José del Pozo (c. 1757 – c. 1821) was a Spanish painter; known primarily for his participation in the Malaspina Expedition. He spent most of his career in Peru. Some sources give his year of death as 1830.

==Life and work==
His father was the painter Pedro del Pozo (died 1785), who was appointed Director of the Real Escuela de Tres Nobles Artes in 1775. His original studies were at that institution and, ten years later, upon his father's death, José was chosen to succeed him, with reduced responsibilities.

Malaspina Expedition

In 1789, Alessandro Malaspina, before departing from Cádiz, asked Francisco de Bruna, a member of the Council of Castile, to find a young painter would could accompany him on the expedition.

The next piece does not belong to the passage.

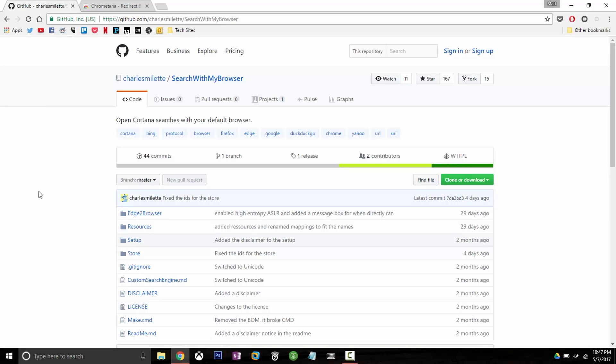The first one is called Search with My Browser and this is going to tackle that first problem. This application is going to redirect all of the search results from Cortana search or start menu search to our default web browser. So they're not going to open up in Microsoft Edge anymore.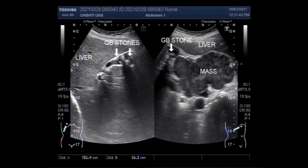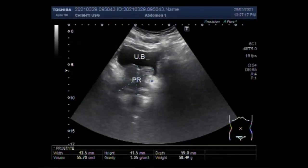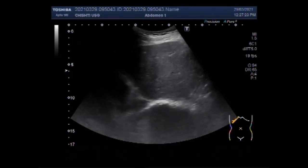Dear viewers, I hope you are all fine. This ultrasound video shows a mass in the porta hepatis, cholelithiasis, and benign prostate hypertrophy, BPH.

De Bruna had been a friend of José's father, so he recommended him. The expedition's first stop was at Montevideo, where the artists produced drawings of the plant and animal species. Two (of plants) are signed by him and are currently preserved at the Museo Naval de Madrid. They also possess two of his watercolors, depicting Puerto Deseado; the first paintings made in Argentina.

He produced numerous drawings of landscapes and people in Patagonia, and several portraits of indigenous people were later sent to King Carlos IV from Callao. By 1790, they had reached the port of Talcahuano, then went on to Concepción, Valparaíso and Santiago.

Lima

Despite the support of Malaspina, he was dismissed from the expedition before it left Callao. No reason has ever been ascertained. However, the new Viceroy of Peru, Francisco Gil de Taboada, was an acquaintance of his, so he decided to stay in Lima rather than return to Spain. Soon, he founded an art school and devoted himself to painting portraits of prominent people, as well as creating some religious works. He died there, sometime around 1821, but certainly before 1830; possibly from causes related to the Peruvian War of Independence.